Author's Note: The Brod Rod, I had intended to post Kitty's tale after Ember because of the way they were connected by Johnny, but I had a flash of inspiration for a Dan chapter and wanted to get it out there before I forgot anything. And now the Kitty chapter has been delayed even more because I've constructed yet another headcanon – one about Danny's origins and how he may be related to Timmy Turner. Please read and review!
Maddie Fenton
What a ridiculous question to ask a mother! I love all my children more than anyone else! What other answer can I give?
All right, I suppose Jack's on the same level, but that's a different kind of love.

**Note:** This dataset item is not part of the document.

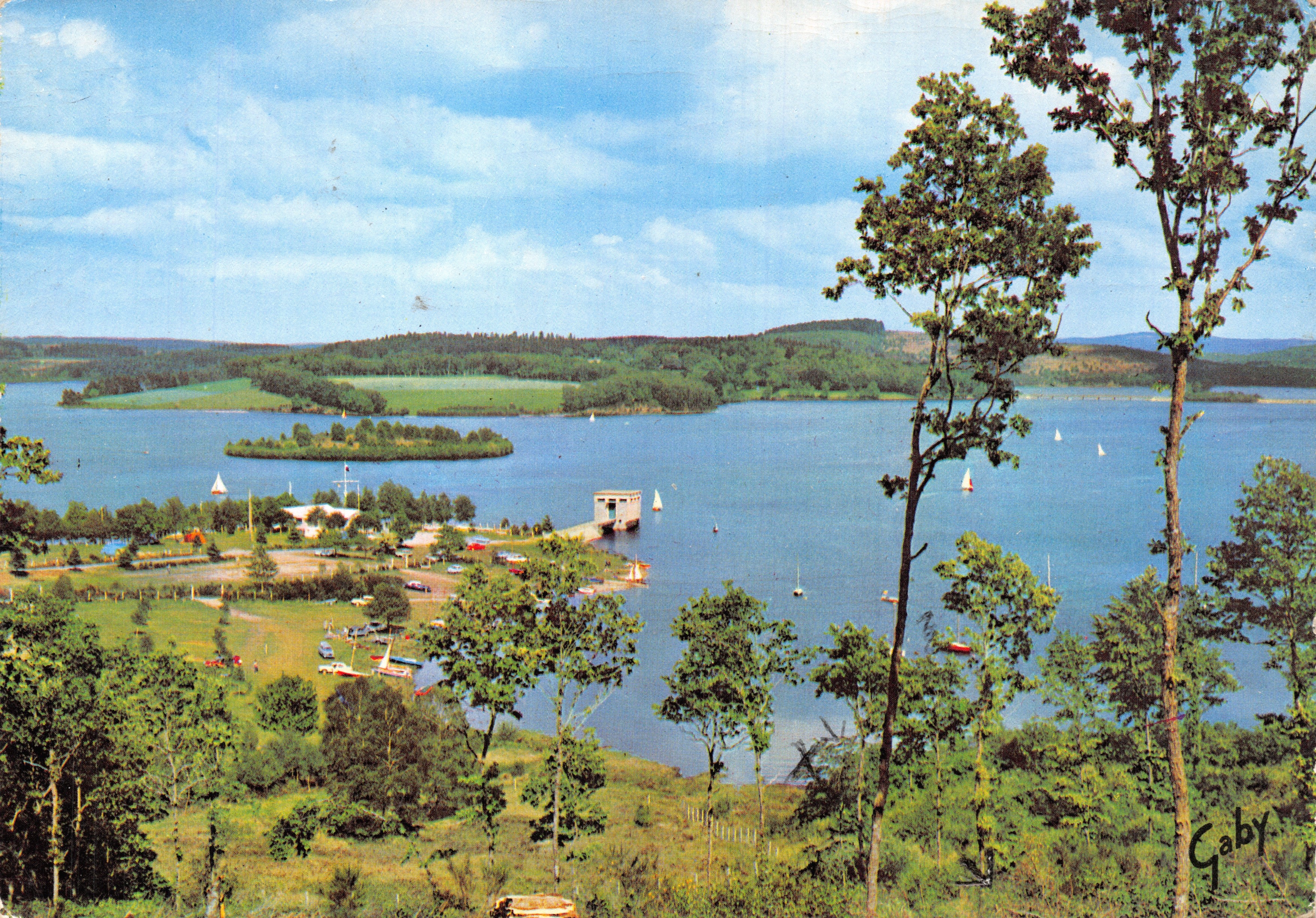 Lac de Vassivière — Base nautique du T.C.F. et prise d'eau — éditeur GABYCOLOR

Ahem.
The love I have for Danny is usually best expressed by worrying about him. He was a pretty sensitive kid, nothing like those rowdy boys at elementary school. I'm sure he cried more than Jazz did when she was a baby. It also took him much longer to get over his fear of the dark. If I had to count the number of times he's woken us all up by yelling that the monsters were going to get him unless somebody turned the light back on, I'd run out of fingers and toes.

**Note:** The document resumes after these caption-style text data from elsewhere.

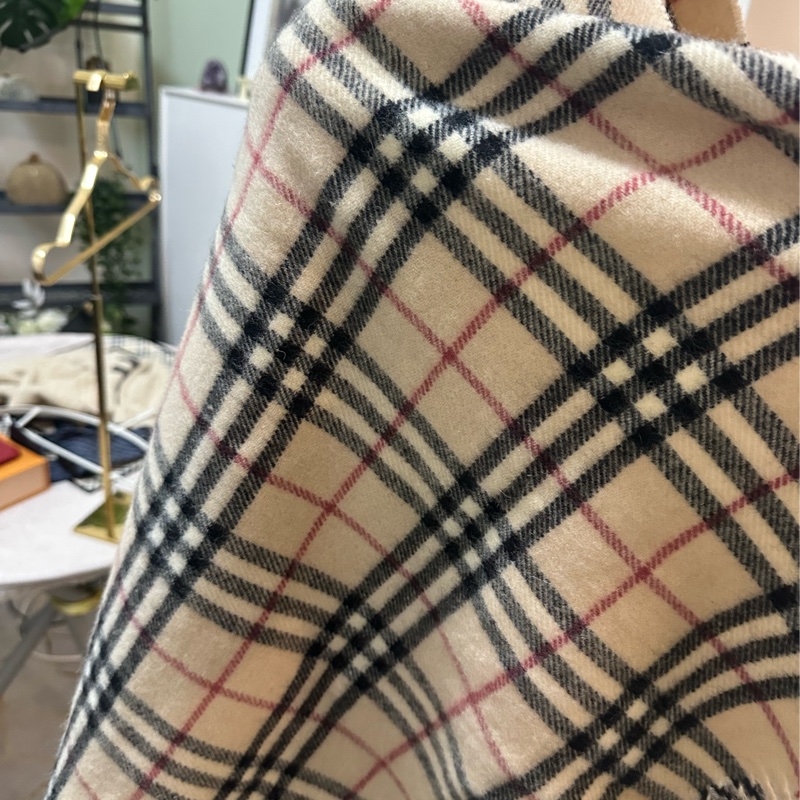 Burberry 格紋披巾-8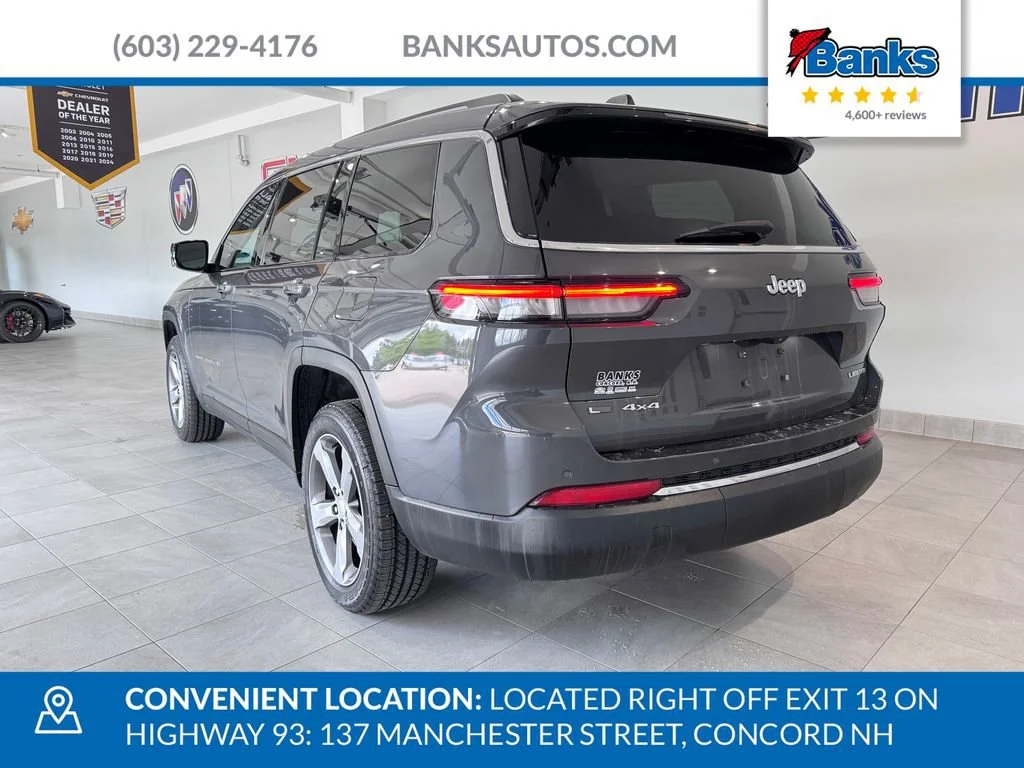 Used 2022 Baltic Gray Metal Jeep Limited image 5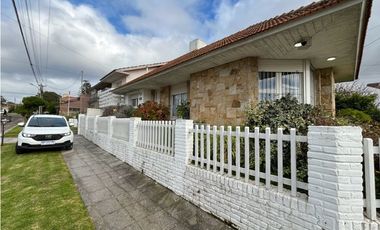 CASA EN PUNTA MOGOTES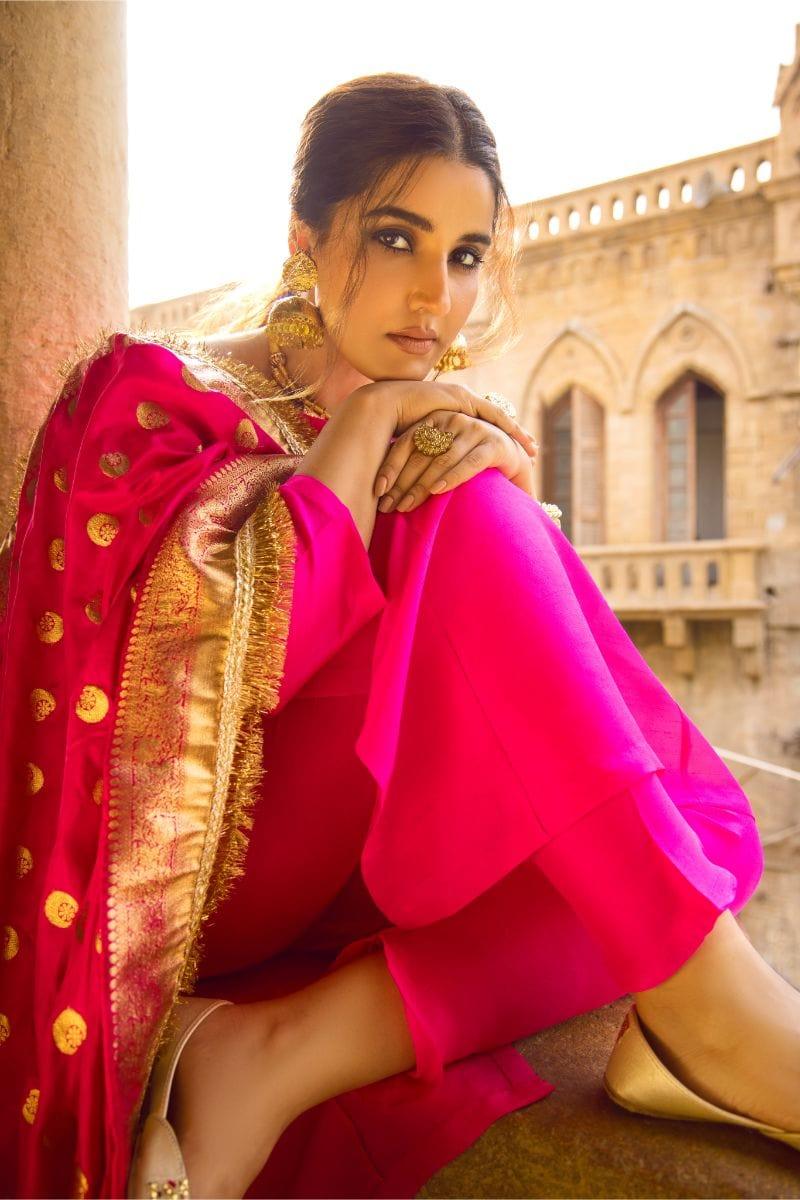 Pinktree - Fuchsia pink Handwoven Banarsi Silk Doshala with Silk Kurta Shalwar - Studio by TCS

But I really shouldn't stress anymore. While I was too busy brooding over the slipping grades and missed curfews, he was secretly growing and maturing. I know now that he's mastered his powers, he carries the Fenton Thermos wherever he goes, and Jazz and Danielle and Sam and Tucker will always have his back. He's got this.
Even if he wasn't a universally-adored superhero, I wouldn't change him for the world.

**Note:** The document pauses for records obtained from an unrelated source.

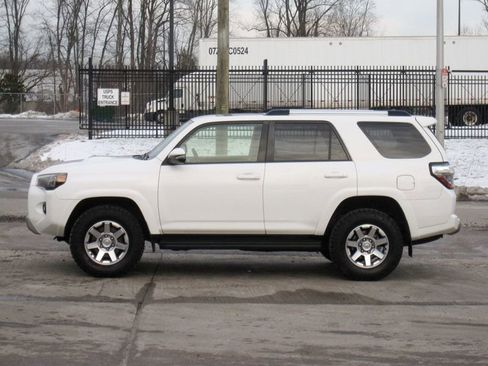 Used 2015 Toyota 4Runner Trail Premium image 6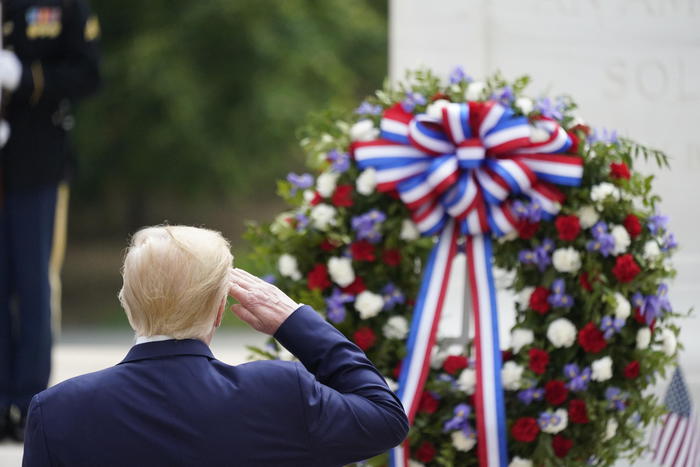 Usa: Trump al cimitero di Arlington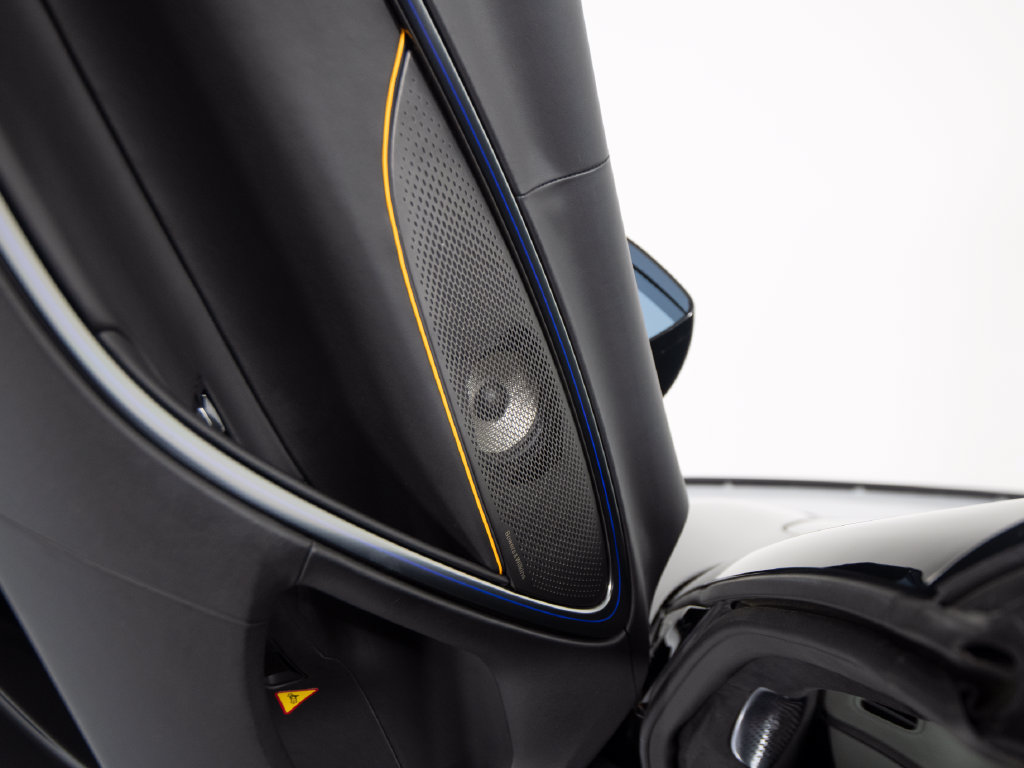 Used 2025 McLaren Artura Spider RWD image 13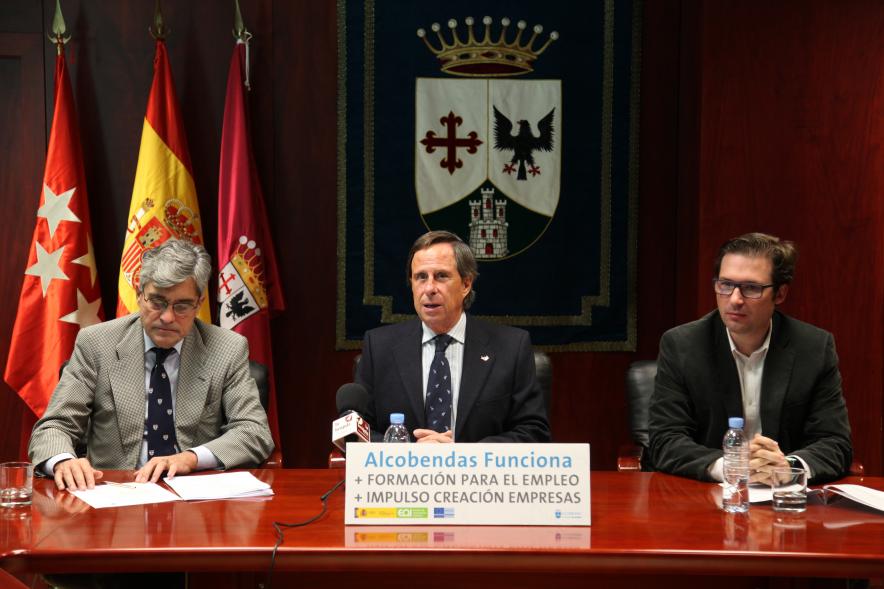 Rueda de Prensa Ayuntamiento - EOI - Imagen del alcalde García de Vinuesa y otros componentes de la mesa redonda.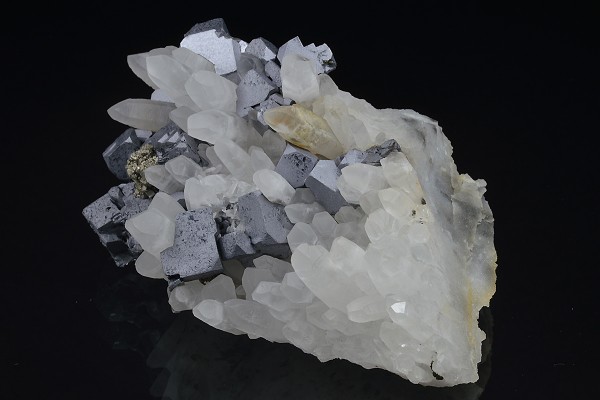 Galena and Chalcopyrite on Quartz, Sphalerite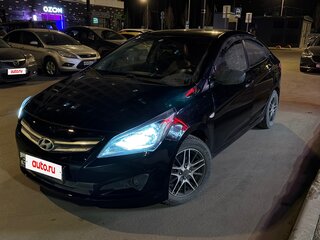 2016 Hyundai Solaris I Рестайлинг, жёлтый, 595000 рублей, вид 2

I don't think he understands that. Why would he? Before the Accident, Jazz got all the attention for her academic promise, while Danny seemed to drift along behind us doing nothing remarkable. After the Accident, Jack and I gave him more attention – by chasing him through the streets trying to tear him apart. What kind of message does that send to a kid? "Unless you're gifted with intelligence (like the sister who is superior to you in every way), we might not love you. But don't have a freak lab accident you couldn't have foreseen and then try to make the best of it by being a hero. Then we definitely won't love you."
He may be more confident in himself, but it's come at the cost of the confidence in his parents.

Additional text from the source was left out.